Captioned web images
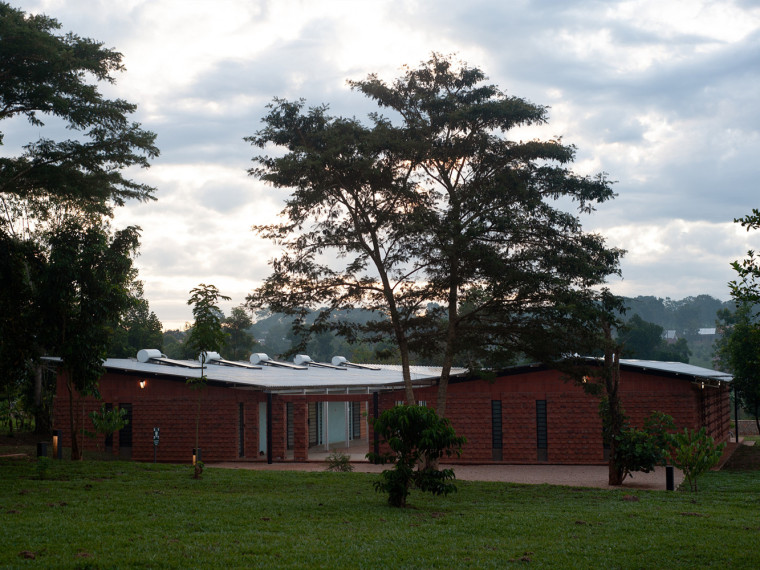 乡村旅游接待中心设计资料下载-乌干达Mpirigiti乡村训练中心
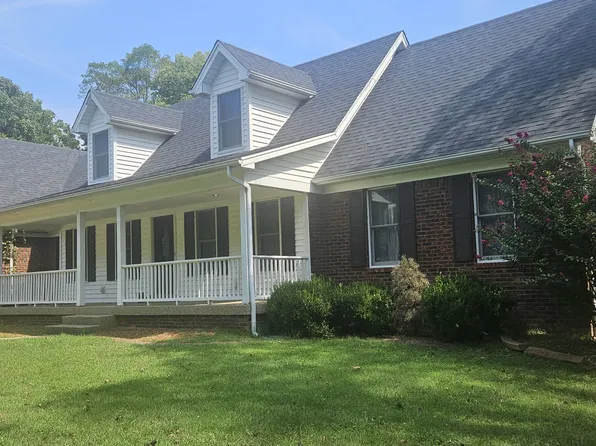 9031 Lakewood Dr, Louisville, KY 40272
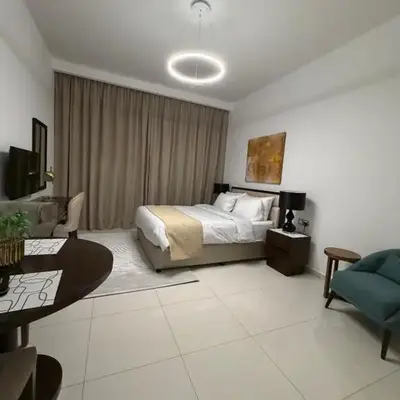 Cove Luxe Holiday Home JVC
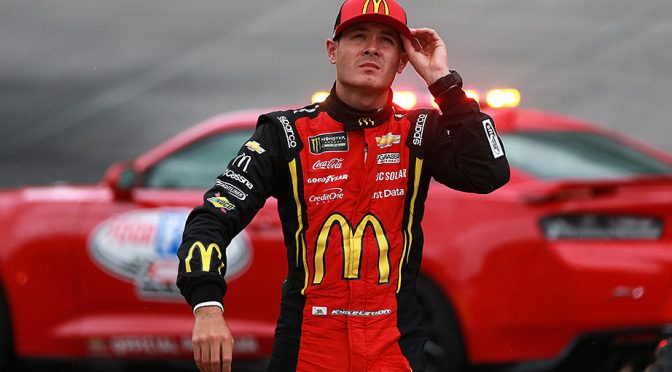 Kyle Larson forced to settle for second place after late contact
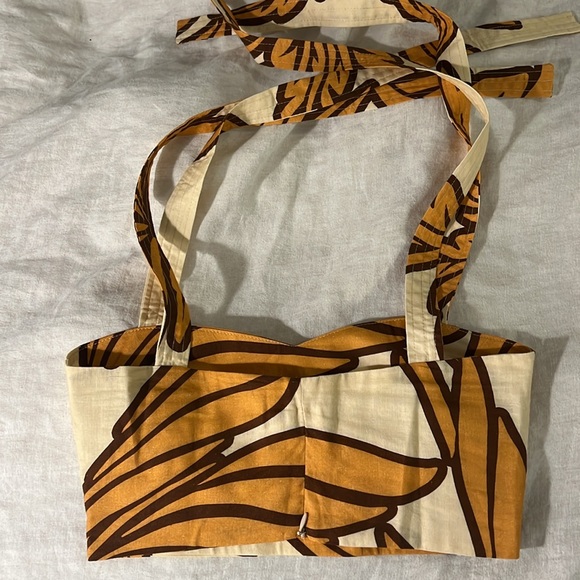 Eugenia Fernandez Arjun top - Picture 5 of 7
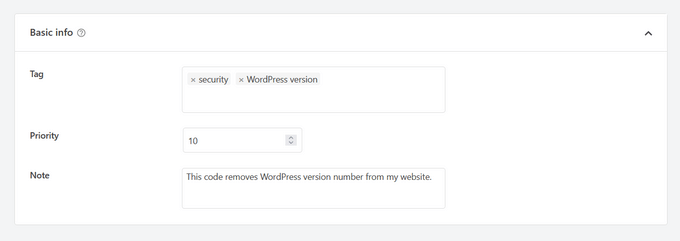 Aggiungi la descrizione del codice, i tag e la priorità in WPCode Add code description, tags, and priority in WPCode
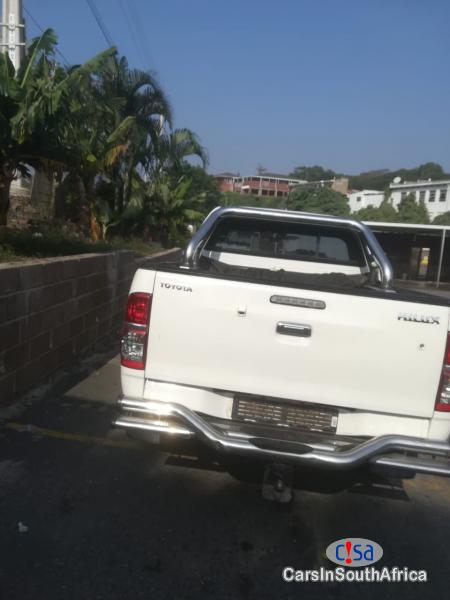 Toyota Hilux Bakkie Manual 2010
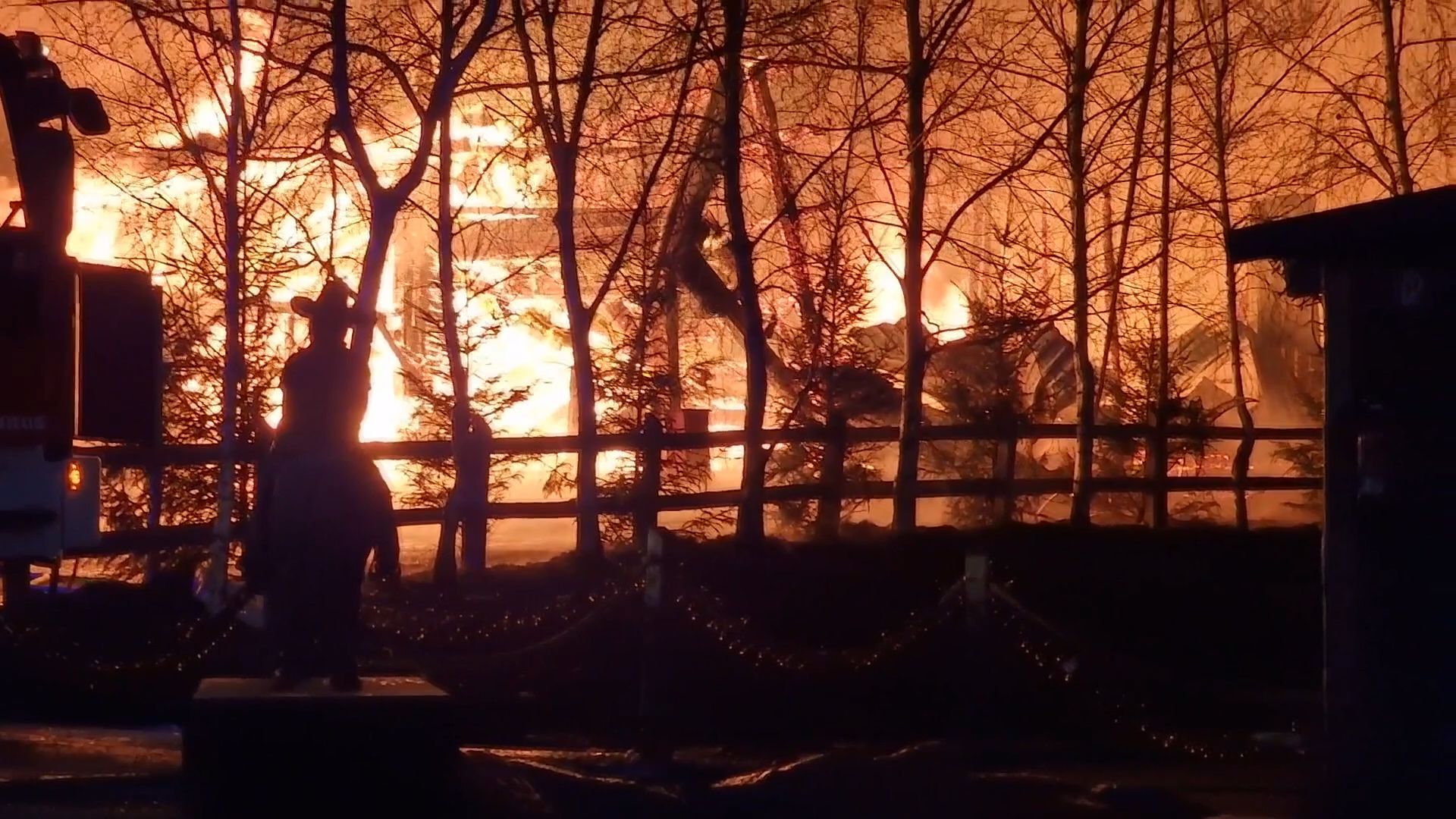 Großbrand in der Westernstadt Pullman City - Video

(Problem requirements) Only an exact copy of the entries, with no pictures, is expected as the answer.

(Response)
 乡村旅游接待中心设计资料下载-乌干达Mpirigiti乡村训练中心
 9031 Lakewood Dr, Louisville, KY 40272
 Cove Luxe Holiday Home JVC
 Kyle Larson forced to settle for second place after late contact
 Eugenia Fernandez Arjun top - Picture 5 of 7
 Aggiungi la descrizione del codice, i tag e la priorità in WPCode Add code description, tags, and priority in WPCode
 Toyota Hilux Bakkie Manual 2010
 Großbrand in der Westernstadt Pullman City - Video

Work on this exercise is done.